Modifier.layout { measurable, constraints ->
  … // Omitting all the measurement code, we still need it though.
  
  layout(width, placeable.height) {
    val x = centerChild(parentWidth = width, childWidth = placeable.width)
    placeable.place(x = x, y = 0)
  }
}

Putting it all together

I've been showing custom layout code along with standard modifiers to explain the effect they have together in terms of low-level layout concepts, but in the real world you should never write a custom layout just to center something.

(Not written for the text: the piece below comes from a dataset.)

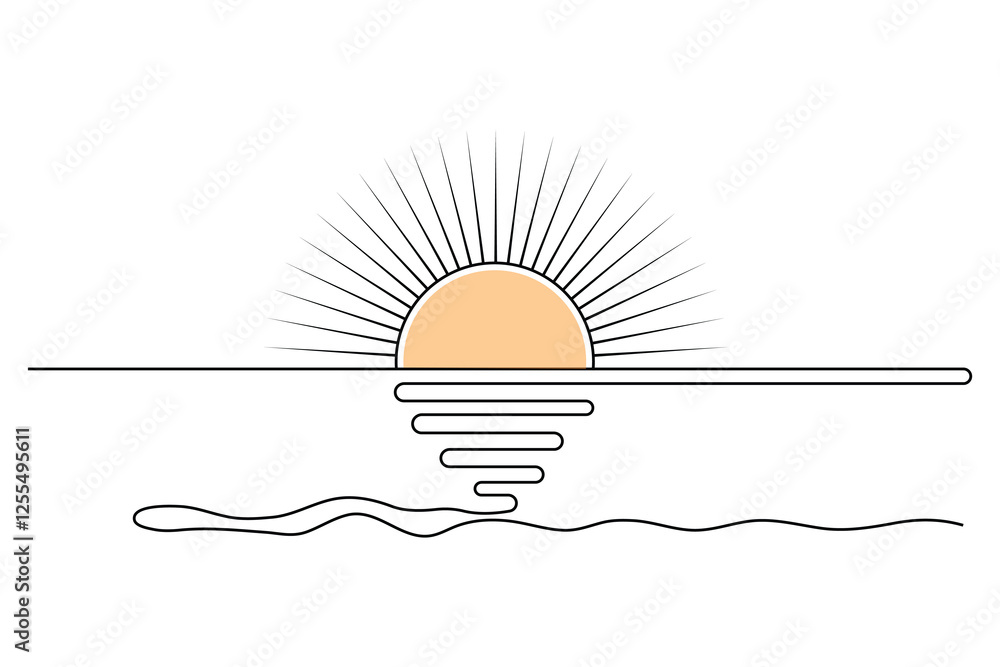 Poster sunset and cloud continuous one line drawing of minimalist outline vector design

The modifiers are much less code, and once you're familiar with this idiom, clearly express your intent to center (or align however you choose).

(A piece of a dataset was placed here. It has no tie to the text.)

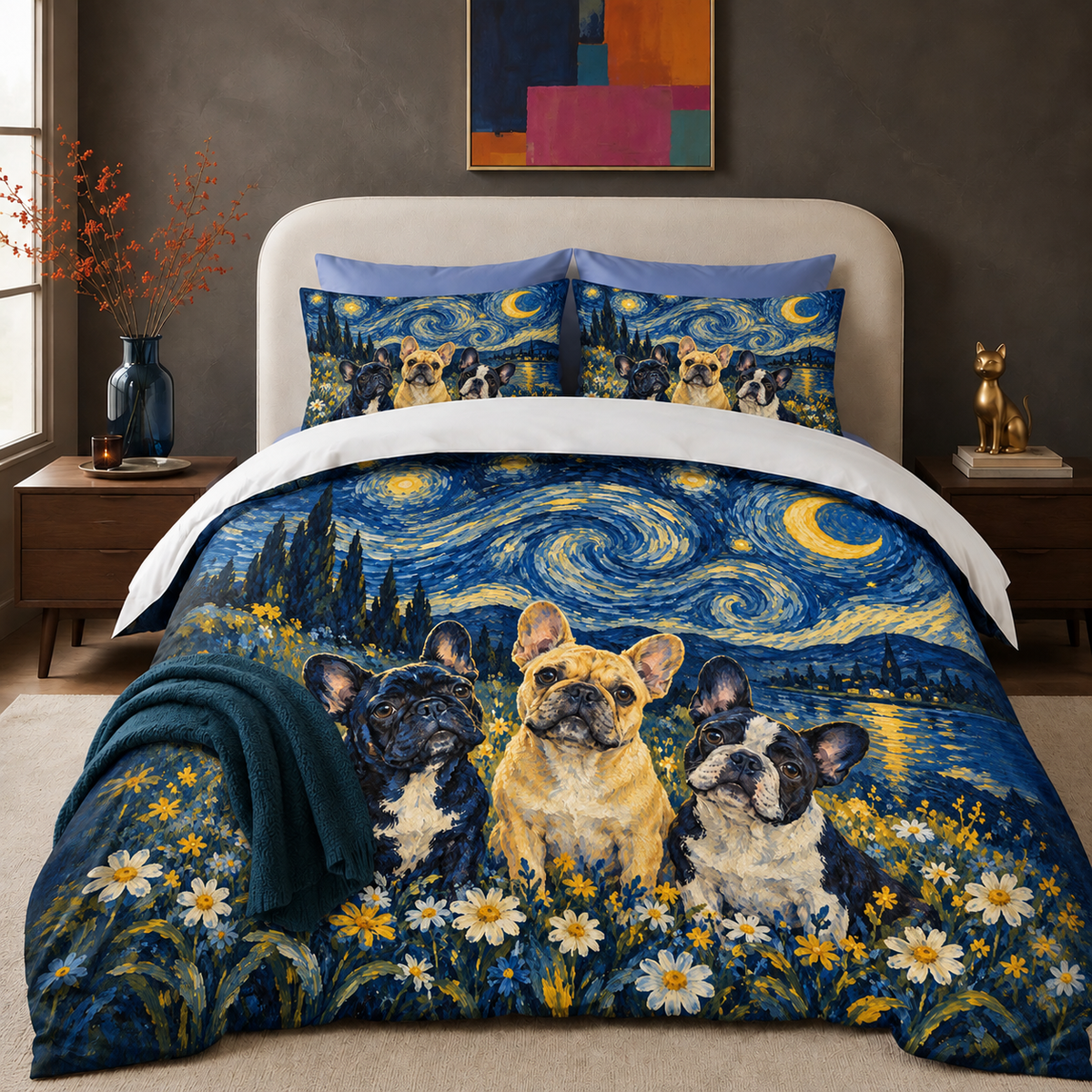 Starry Night French Bulldogs comforter set — three French Bulldogs in a daisy field under a swirling starry night sky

The only interesting way the custom layout is different than the modifier chain is that fillMaxWidth and wrapContentSize each use a layout modifier internally. The custom layout does the same logic but all at the same time, with a single modifier. Layout modifiers are relatively cheap, and the difference of two compared to one is not significant, especially given how much more concise and readable the standard modifier chain is. We recently refactored a bunch of code in our codebase that was using custom layout logic to do some centering of some content, apply a maximum width, and some padding. It took me embarrassingly many reads of the original code to figure out that the intent could actually be expressed in a handful of standard modifiers. This resulted in not only less code but also a clear separation of concerns (“this modifier applies padding, these do centering, etc”) which should be a lot easier to maintain in the future if only one of those requirements changes.

Other approaches

One other approach I haven't covered is using a Box to wrap your content. Box also takes an align parameter, just like wrapContentWidth, and it does the same thing. I don't recommend this approach unless you need to stack multiple things on top of each other. You'll probably end up passing Modifier.fillMaxWidth to the Box anyway, so it ends up being roughly the same amount of code, but now the rest of your composable is also indented one more level. In fact, almost anything you can do with a Box with a single child you can just do with a modifier or two, and I usually prefer modifiers. But it really is more of a style/personal preference matter than anything else. In my opinion, the main reasons to use Box are these:

1. You need to apply a modifier to a composable that doesn't accept a Modifier parameter (e.g. a content lambda). In this case, make sure to also pass propagateMinConstraints or you're effectively adding a wrapContentWidth to the end of the modifier chain you pass to Box, which is rarely intentional.
2. You need to use a modifier chain to do something but don't need a leaf Layout composable node. This uses the overload of Box that doesn't take a content function.
3. You need a Z-stack, layering multiple composables on top of each other.

What's not a matter of personal preference is the use of BoxWithConstraints to perform layout calculations. BoxWithConstraints is great tool when the constraints determine what is present in the composition (i.e. which composables you call). It is a terrible tool to determine how to measure or place content. It uses subcomposition, which is very expensive. It also changes how the phases of composition are ordered: it runs your child composition in the layout phase of the parent. It also prevents any direct parent nodes from using intrinsic measurement. Performing layout logic is a fundamental element of any UI toolkit, and Compose has a very capable layout system designed to do exactly this.

Conclusion

Compose's constraint-based layout system is extremely powerful, and this article has only scratched the surface. There's a whole article in the official docs about layout constraints and modifiers that I'd recommend reading as well. Thinking about your layouts in terms of constraints will make you a better Compose developer and get you from design to code much quicker than just experimenting with modifiers without understanding what they mean.

Next time you need to center something, use the fillMax*.wrapContent* idiom, wrap it in a Box, or even write a custom layout if you need to do a whole lot of other things besides centering and you think it's more readable. Just don't use BoxWithConstraints.

Thanks to Keith Abdulla and Darshan Parajuli for reviewing this post.